Kunene and the King explores where South Africa is now, 25 years after the end of the apartheid regime. We follow two men, one black and one white, who, due to apartheid and its legacy, have lived very different experiences of the same country. Here, amongst Cape Town’s luxury sea-view villas, its hipster coffee shops and its corrugated tin shacks, it is clear that South Africans are still living very different lives right alongside each other. John Kani’s play forms part of an ongoing national conversation and reflection around reconciliation. How might these two characters, these differing experiences and this country come to truly see each other?
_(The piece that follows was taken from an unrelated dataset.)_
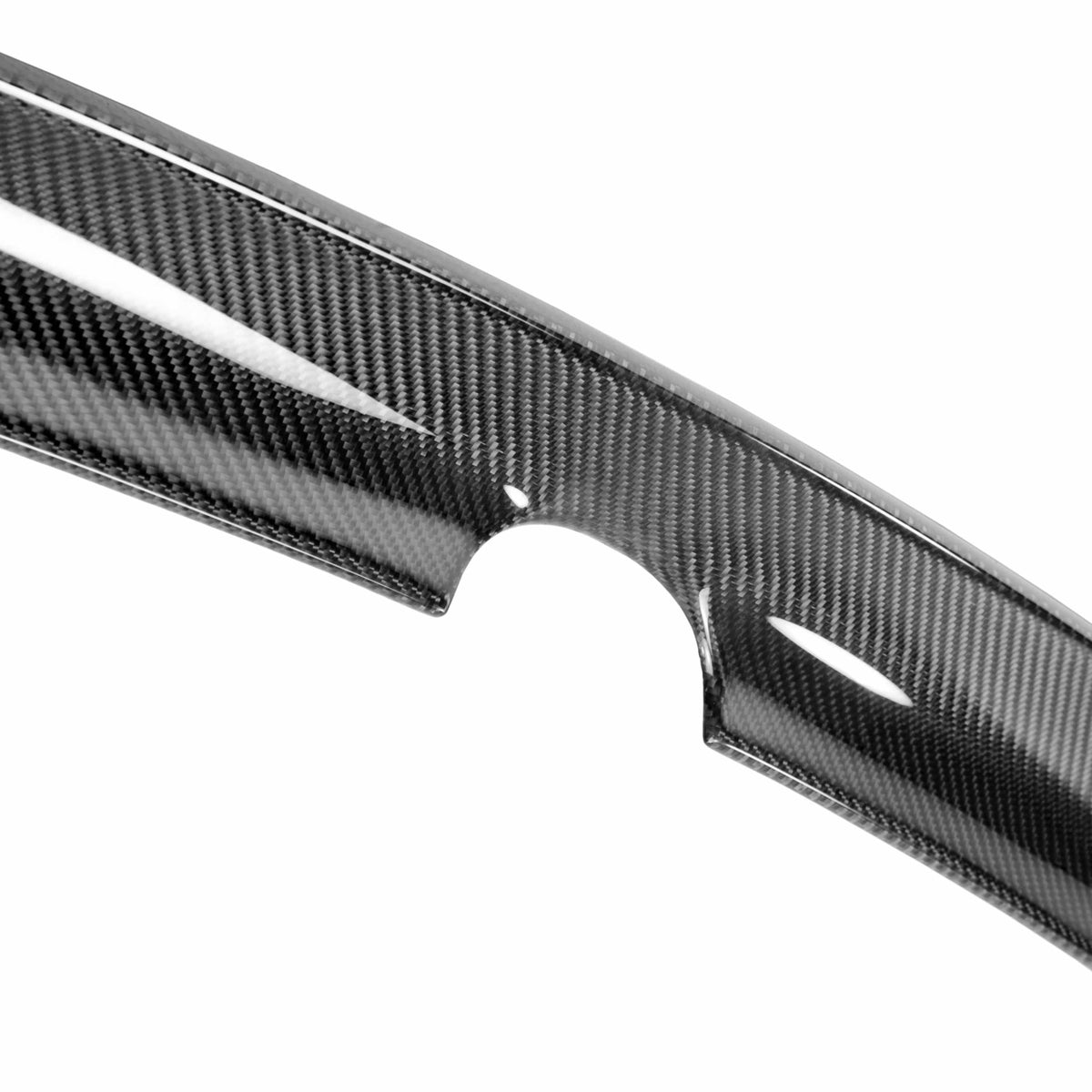 Seibon SM-Style Carbon Fibre Rear Spoiler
Theatre has been a vital space to carry out this conversation and our writer (and actor), John Kani, has been a huge voice in South African theatre, creating shows including The Island and Sizwe Banzi is Dead alongside Athol Fugard and Winston Ntshona. His activism and theatre work led to an arrest, time in custody and an assassination attempt. Under apartheid, making political theatre was an act of extreme bravery.
On Friday we all went to the Baxter Theatre to see Woza Albert!, with the same cast as the original production 40 years ago. Woza Albert! skewers the absurdities of apartheid, using slapstick and satire to imagine the second coming of Christ in apartheid-era South Africa. In its last moments, as dead black South African heroes are raised, Lazarus-like, from the dead, murmurs and cheers moved through the audience. In 2019, this was incredibly moving. How extraordinary and how dangerous, then, this must have felt for an audience under apartheid.
We’ll be spending the next few weeks rehearsing in Cape Town, exploring South Africa both now and under apartheid and thinking about how theatre can create a space for national conversations. Hopefully these blogs will give a little glimpse into our time here, our hosts at the Fugard Theatre and an insight into the making of Kunene and the King!